60s: There is currently a book being written about The Mind Garage. Are you able to divulge any more information at this time?
LM: David Niall Wilson has tentatively titled the book Mind Garage - A Funny Thing Happened on the Way to Woodstock by David Niall Wilson. It's a biographical novel, or pseudo-historical account, about The Mind Garage’s career and the music scene in Morgantown, West Virginia from 1967 to 1970.

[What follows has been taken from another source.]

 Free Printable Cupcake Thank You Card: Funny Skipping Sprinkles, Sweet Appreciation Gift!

David already has twelve published novels to his name including a Star Trek Voyager Trilogy. Somewhere he found the Mind Garage’s second album and was selling it on eBay. I bid and won. When he was packing it up to ship, he noticed the name on the album and the name of the person he was shipping to were the same. He said he flipped out, and wrote me to ask if I was the indeed the singer. I admitted it and we struck up a correspondence. I asked if he had ever written a biography before or ever wanted to and without hesitation he said, “I will now". David sums it up: "These guys had (and I believe still have) that magic spark that super groups carry around with them. Most of them burned it so brightly it eventually became a cinder, leaving them to replay old songs in tired new versions and play oldies shows – Mind Garage didn’t do that, and never will. I think they have nurtured the flame, and I believe when they get back together (soon) and get some new music recorded, you’ll all agree...I have the feeling I’m meeting them in the middle of something, not after the fact, or near the end. I think the story has a ways to go…" He tells more about how we met and what/why he is writing at http://deep-bluze.livejournal.com/2006/03/06/ and as he predicted, we did get back together and have just finished a new CD with 21st Century Mind Garage sound.

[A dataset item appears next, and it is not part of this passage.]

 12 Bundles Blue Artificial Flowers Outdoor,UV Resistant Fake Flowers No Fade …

60s: What about the reunion.
(LM): It was originally a 40th reunion Mass or Electric Liturgy. That was the only thing we all agreed on that was worth them coming back to reform the band for. But when the reality sank in, that we were going to play together again, the idea of a festival of garage bands for June 2007 sprang up. We call it Goodstock. You can find it at http://www.goodstock2007.com/goodstock/gsinfo.html. We have an FM and Internet radio show now (www.rocket88.8m.com), and details are also on our website.
60s: How do you best summarize your experiences with The Mind Garage?

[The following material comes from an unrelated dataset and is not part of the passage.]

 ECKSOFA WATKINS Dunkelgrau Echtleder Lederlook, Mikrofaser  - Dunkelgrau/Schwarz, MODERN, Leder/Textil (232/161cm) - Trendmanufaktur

(LM): Those were the best days of my life, of course. We didn’t even realize how far reaching our music was back then. Can you believe we were never told that The Mind Garage records were pressed and sold all over the world? We assumed it was only in the USA. Do I even have to tell you we never saw a fraction of the money made from our music? But we are as much a part of rock and roll history in places like England, Germany, France, Greece, Australia, New Zealand to name a few, as we are in the USA. An obscure garage band came out of the coalfields of West Virginia and entertained the world for a few years. We made history and helped establish a new genre of music. Who could ask for anything more?